Murray Rothbard (1926-1975)
Tout individu est propriétaire de lui-même, selon notre conception de l’ordre naturel. Cette reconnaissance implique des droits de propriété plus étendus car ce droit de propriété sur soi-même conduit nécessairement au droit de propriété au sens large ; et si ce droit de propriété au sens large est nié, le droit de propriété de l’homme sur lui-même ne peut s’affirmer. Droits de l’homme et droits de propriété sont comme fils de trame et fils de chaîne.
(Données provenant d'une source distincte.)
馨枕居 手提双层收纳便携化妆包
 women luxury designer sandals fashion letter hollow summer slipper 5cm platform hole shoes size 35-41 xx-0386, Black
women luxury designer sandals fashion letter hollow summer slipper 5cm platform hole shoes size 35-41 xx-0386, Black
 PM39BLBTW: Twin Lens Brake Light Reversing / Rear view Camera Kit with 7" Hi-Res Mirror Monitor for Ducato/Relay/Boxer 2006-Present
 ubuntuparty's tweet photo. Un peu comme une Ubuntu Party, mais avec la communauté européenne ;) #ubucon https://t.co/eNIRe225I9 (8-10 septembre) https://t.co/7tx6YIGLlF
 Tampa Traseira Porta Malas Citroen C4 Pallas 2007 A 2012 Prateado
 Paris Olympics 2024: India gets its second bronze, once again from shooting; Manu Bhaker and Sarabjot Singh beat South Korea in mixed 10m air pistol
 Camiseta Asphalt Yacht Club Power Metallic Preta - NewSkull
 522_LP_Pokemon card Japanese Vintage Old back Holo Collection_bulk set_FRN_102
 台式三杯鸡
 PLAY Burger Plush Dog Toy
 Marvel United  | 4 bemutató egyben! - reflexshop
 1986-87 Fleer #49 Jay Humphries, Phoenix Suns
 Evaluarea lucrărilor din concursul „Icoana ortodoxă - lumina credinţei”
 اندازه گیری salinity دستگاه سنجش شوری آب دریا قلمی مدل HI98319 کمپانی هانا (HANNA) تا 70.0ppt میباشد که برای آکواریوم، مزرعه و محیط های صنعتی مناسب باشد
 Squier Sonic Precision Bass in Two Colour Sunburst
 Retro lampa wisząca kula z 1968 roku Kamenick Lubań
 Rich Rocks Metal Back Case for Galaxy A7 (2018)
Mais il y a plus. Prenons par exemple le droit de réunion. Un groupe décide de manifester dans une réunion de rue, mais la réunion est dispersée par la police sous prétexte (faux ou justifié, qu’importe) que la circulation s’en trouve perturbée. Certains diront que ce n’est qu’un prétexte derrière lequel se cachent des raisons politiques. Est-ce vrai ou faux ? Une fois encore, qu’importe ! Ce qui importe : comment concilier le droit (fondamental) de libre réunion et le droit des citoyens à circuler librement ? Face à un tel dilemme nombreux sont ceux qui vont déclarer que les droits absolus peuvent être relatifs selon les circonstances et restreints si nécessaire pour le bien commun. Oublierait-on que l’État est propriétaire des axes de circulation, de la chaussée et des trottoirs ? Ce qui signifie qu’ils sont virtuellement dans un état de non-propriété. Les axes de circulation appartiennent aux contribuables et tout citoyen est un contribuable ; et s’il ne paye pas d’impôts directs, il paye des impôts indirects ; et on sait que ces derniers sont ceux qui rapportent le plus – voir la TVA. Alors ? Quels types de contribuables doivent être autorisés à utiliser les axes de circulation ? Seul l’État peut en décider et dans tous les cas sa décision sera arbitraire et favorisera les uns au détriment des autres.
Qu’adviendrait-il si le propriétaire des axes de circulation n’était plus l’État mais les particuliers sans exception ? La question posée est alors celle des droits de propriété. Ainsi le propriétaire d’une rue pourrait-il s’entendre avec un groupe désireux d’y manifester et s’entendre sur un prix de location. Il ne s’agirait plus de porter atteinte au droit de réunion ou à celui de circuler librement dans l’espace public. Seuls seraient impliqués les droits de propriété. Le propriétaire de la rue pourrait décider de ne pas la louer pour des raisons qui le regardent. Le groupe désireux de manifester pourrait refuser un prix de location car jugé trop élevé, etc.
La propriété étatique masque l’essentiel. L’État créé des « droits de l’homme » plutôt vagues et à des fins politiciennes qui se carambolent et font oublier la notion de bien public, soit le bien des contribuables. Lorsque tout devient propriété privée (y compris les axes de circulation), il n’y a plus de conflits relatifs aux droits de l’homme, seuls sont concernés les droits de propriété. Il n’y a plus de décision arbitraire (de la part de l’État) qui favorise les uns au détriment des autres. Dans tous les cas qui engagent les droits de l’homme, il convient d’identifier les droits de propriété concernés et qui eux sont précis – contrairement aux droits de l’homme qui sont volontiers brouillés et embrouillés par l’État.